- [What to produce]:
Let the answer be the lines from the one with "일산 경성양육관 map" to the end of the entries, copied exactly with both boundary lines kept.

- [Records from a data source]:
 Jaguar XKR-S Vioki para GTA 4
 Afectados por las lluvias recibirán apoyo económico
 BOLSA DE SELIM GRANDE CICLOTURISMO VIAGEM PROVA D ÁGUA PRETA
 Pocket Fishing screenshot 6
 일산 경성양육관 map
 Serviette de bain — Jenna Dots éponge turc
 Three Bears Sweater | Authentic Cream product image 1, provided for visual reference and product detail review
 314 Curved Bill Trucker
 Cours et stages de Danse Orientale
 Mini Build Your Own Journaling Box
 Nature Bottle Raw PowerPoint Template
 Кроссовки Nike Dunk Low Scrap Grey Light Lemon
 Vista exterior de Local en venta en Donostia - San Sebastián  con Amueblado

- [Output of the exercise]:
 일산 경성양육관 map
 Serviette de bain — Jenna Dots éponge turc
 Three Bears Sweater | Authentic Cream product image 1, provided for visual reference and product detail review
 314 Curved Bill Trucker
 Cours et stages de Danse Orientale
 Mini Build Your Own Journaling Box
 Nature Bottle Raw PowerPoint Template
 Кроссовки Nike Dunk Low Scrap Grey Light Lemon
 Vista exterior de Local en venta en Donostia - San Sebastián  con Amueblado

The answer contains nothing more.